Spend some time in the design phase of your virtual machines thinking about how your Hyper-V memory is to be allocated. Memory is not to be wasted under any circumstances. Microsoft Exchange and most editions of Microsoft SQL are going to use up as much RAM as you assign to their virtual machines, so follow sizing guidelines for those applications to ensure that you are not allocating more than is actually needed for your projected workload.

Dynamic Memory

Microsoft introduced “Dynamic Memory” with Service Pack 1 for Hyper-v R2. This technology works by only assigning a minimum amount (that you specify) of RAM to a virtual machine at startup. Working through the Hyper-V Integration Services, a Windows virtual machine that supports hot add memory can dynamically request and release RAM as its needs fluctuate. Hyper-V is the arbiter of how these requests are granted or denied. You can adjust the properties on individual virtual machines to increase or decrease their weighting in case more RAM is being requested than is available.

Only recent Windows guests can use Dynamic Memory.
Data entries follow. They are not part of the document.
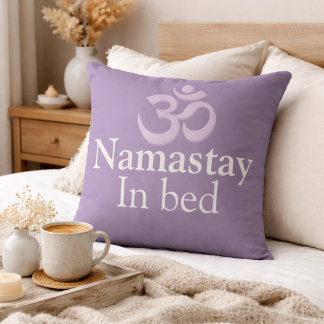 Namastay In Bed Yoga Lavender purple white Funny Kussen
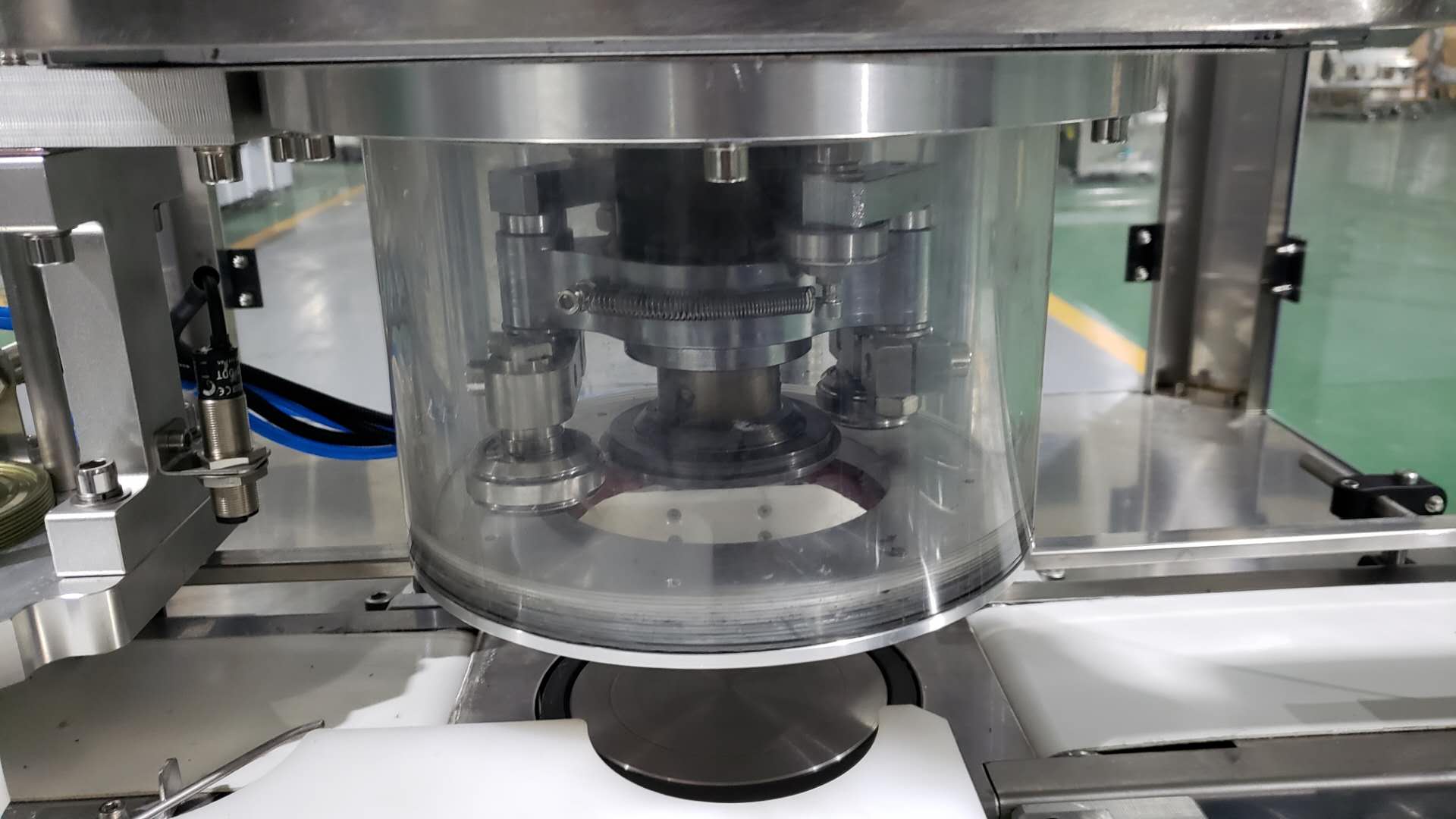 Automatic Nitrogen Tuna Can Tin Can Vacuum Sealer Machine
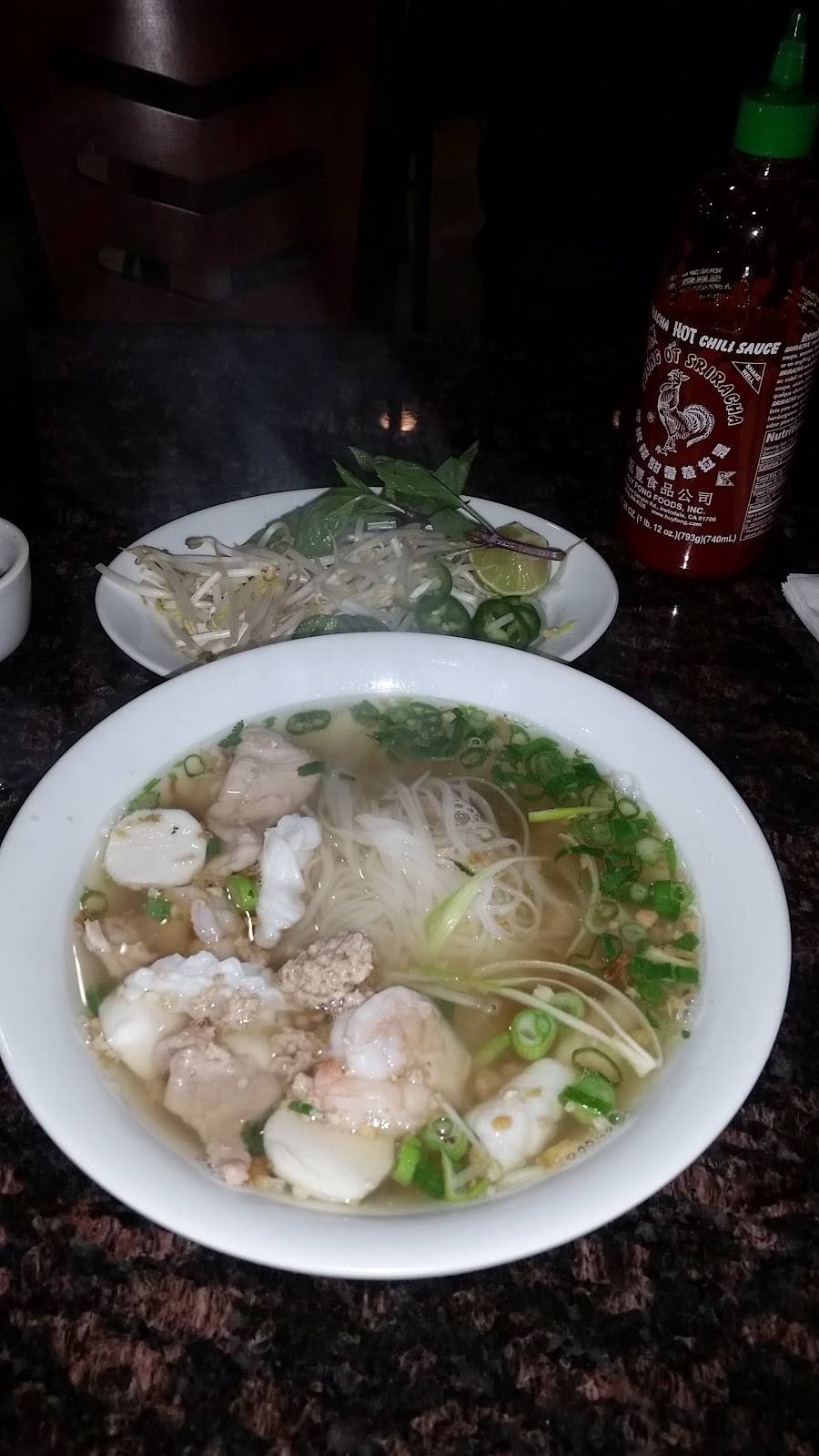 Pho Le Restaurant | restaurant | 2842 St Vincent St, Philadelphia, PA 19149, USA | 2153384787 OR +1 215-338-4787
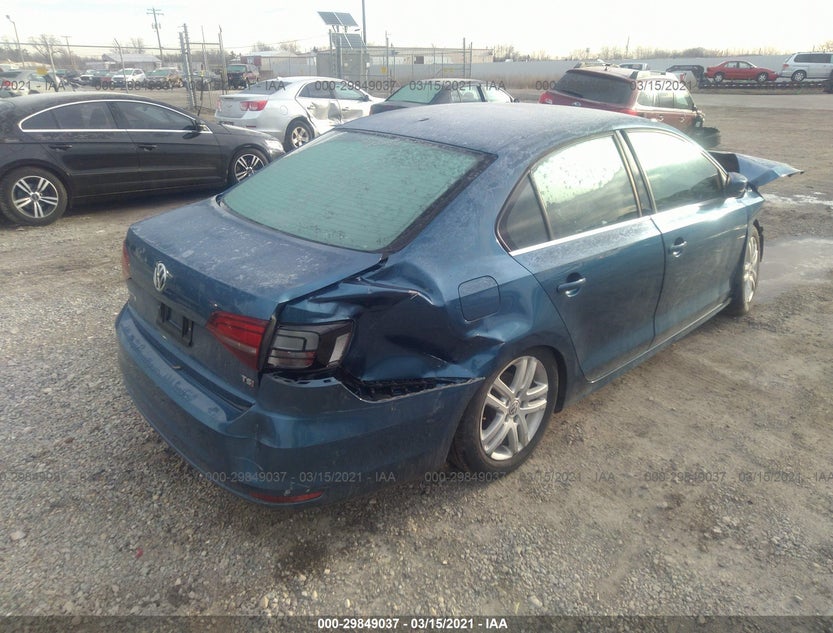 3VW2B7AJXHM378710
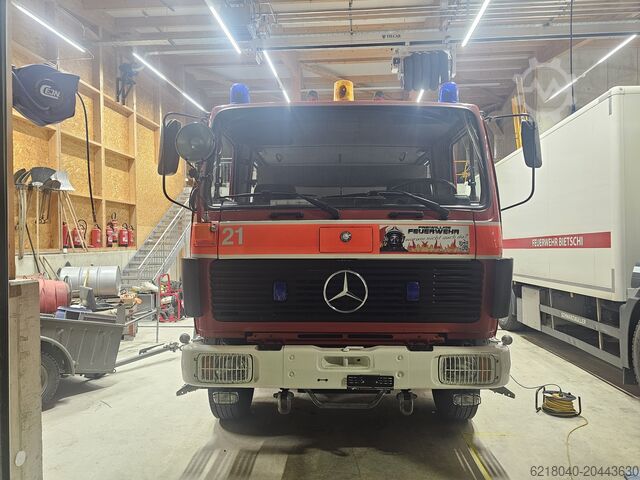 Camión de bomberos Mercedes-Benz 1428 AF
Linux, Windows XP, and other guests that cannot communicate with the Hyper-V Integration Services’ hot-add driver will never use more memory than is set as the minimum. However, because Hyper-V does not validate that the guest system is hot add capable, it will at least attempt to set aside any specified buffer amount, causing that RAM to be completely wasted.

As previously mentioned, Exchange and SQL will generally just gobble up whatever they can, which makes dynamic memory sort of pointless. Editions of SQL that don’t support h0t add memory won’t be able to allocate anything beyond whatever the startup RAM is, and that bar is unfortunately high. In SQL 2005 through 2008 R2, Express and Standard Editions couldn’t use hot add memory. In SQL 2012, this capability has been granted to the Standard Edition as well, but still not to Express. You will definitely need to manually size these installations.

As a general rule, I do not employ Dynamic Memory. I spend the time to size each virtual machine. For those that might have fluctuating workloads that can justify using Dynamic Memory, I am careful to spend time setting their memory prioritization.

Hyper-V Memory Prioritization

You can use Hyper-V Manager to set weights on how memory is allocated to individual virtual machines. Look on the Hyper-V memory tab of a virtual machine’s properties. By default, they are all given equal weighting. If you aren’t using Dynamic Memory, the weighting only applies when virtual machines start up. If there is insufficient available memory to start a particular virtual machine, it is simply left off. If you are using Dynamic Memory, memory is allocated in your preset priority order from high to low. If all machines are the same priority, Hyper-V decides.

Dynamic Memory Weight

Basic Mechanics of Hyper-V Memory Utilization

Hyper-V does not “overcommit” or “thin provision” memory. Whatever RAM a virtual machine is reporting that it has access to is actually allocated to that machine and you cannot instruct Hyper-V to assign a greater total of RAM to virtual machines than you actually have available. Hyper-V will never page the RAM of its guest machines. In Hyper-V R2, this opens the door for some tweaking of the way the parent partition utilizes its page file; we produced an article outlining how to modify this. In Hyper-V 2012, the default page file configuration is much more suitable to the Hyper-V role and doesn’t really need any modifications.

If you want to see how memory is being utilized by Hyper-V itself, including how it has allocated memory to virtual machines, you’ll need a third-party tool. Task Manager won’t do it. This is because what you actually have access to is a parent partition, not the actual hypervisor itself. Task Manager won’t have access to anything other than what’s inside the parent partition, and that is nothing more than a special-case virtual machine that operates at the same level as any other virtual machine. Hyper-V Manager can show you how much memory is currently allocated to individual virtual machines, but doesn’t have any sort of totalling system. System Center Virtual Machine Manager can show you how much memory the host has available.

Memory Changes in Hyper-V 2012

The biggest news is the addition of “Smart Paging”. This is a pseudo-overcommit technology in which Hyper-V will temporarily page RAM for virtual machines under specific circumstances. Aidan Finn has already written a great summary of this technology. While reading that post, also take note of the change to the way .BIN files are handled in Hyper-V 2012. This addresses an annoyance to many Hyper-V R2 administrators who didn’t expect to lose those extra few gigabytes of storage space.